For the first time this year the oil price has slumped below $50 a barrel (ICE Europe: Futures On WTI Crude Oil Apr 2017 [T]) on the back of increased production from OPEC members and US shale oil producers.
Crude closed at $49.28 a barrel in the US yesterday, a level not seen since November 29, CNN reports.
This month alone oil prices have plunged 9 percent dragging down the shares of energy and oil service companies.
Part of the decline has been attributed to the about-face by OPEC, which last year pledged to reduce production in a bid to raise prices
While OPEC has cut overall output, members Iraq, Kuwait and Ecuador have all ramped up their US exports, last week shipping an extra 730,000 barrels per day to the US.
At the same time US imports of Saudi oil have surged by 145,000 barrels per day, leading to a supply glut.

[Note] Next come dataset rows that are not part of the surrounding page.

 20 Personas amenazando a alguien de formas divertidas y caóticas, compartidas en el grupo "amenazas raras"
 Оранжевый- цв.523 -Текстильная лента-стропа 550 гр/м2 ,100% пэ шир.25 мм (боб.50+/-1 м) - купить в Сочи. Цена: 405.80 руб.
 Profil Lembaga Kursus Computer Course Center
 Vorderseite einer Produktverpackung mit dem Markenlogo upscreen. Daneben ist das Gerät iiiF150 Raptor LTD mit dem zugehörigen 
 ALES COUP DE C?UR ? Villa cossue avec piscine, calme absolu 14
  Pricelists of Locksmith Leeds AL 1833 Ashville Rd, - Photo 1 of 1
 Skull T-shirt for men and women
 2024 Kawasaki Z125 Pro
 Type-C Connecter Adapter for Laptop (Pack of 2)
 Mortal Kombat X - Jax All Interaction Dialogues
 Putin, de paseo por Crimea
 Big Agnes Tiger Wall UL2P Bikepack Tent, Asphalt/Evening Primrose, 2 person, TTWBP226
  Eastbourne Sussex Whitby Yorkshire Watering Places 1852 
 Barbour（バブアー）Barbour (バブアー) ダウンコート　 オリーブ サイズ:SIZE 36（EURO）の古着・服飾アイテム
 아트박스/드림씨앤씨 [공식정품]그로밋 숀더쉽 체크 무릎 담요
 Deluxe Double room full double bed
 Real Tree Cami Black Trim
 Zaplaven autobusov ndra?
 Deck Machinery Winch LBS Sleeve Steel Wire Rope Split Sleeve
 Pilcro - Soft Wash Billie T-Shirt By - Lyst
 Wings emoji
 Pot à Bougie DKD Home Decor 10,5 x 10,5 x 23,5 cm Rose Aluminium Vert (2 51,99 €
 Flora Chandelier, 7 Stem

Nine weeks of rising inventories saw US crude stockpiles surge by 8.2 million barrels last week, according to US government data.
More foreign oil imports have exacerbated the effect of the comeback of the US shale industry with some analysts suggesting that the market appears to be oversupplied.
US oil production has increased sharply with output up by almost 600,000 barrels per day since last summer. Production is now up to 9.088 million barrels per day, the highest level in over a year, according to the US Energy Information Administration (EIA).
And the oil price situation could potentially fall even further with the EIA warning that US oil production could climb to an all-time high of 9.7 million barrels per day next year.
Shale billionaire Harold Hamm told a Houston energy conference last week that shale "could go pretty high" but it carried a risk.
"It's going to have to be done in a measured way, or else we kill the market," he said.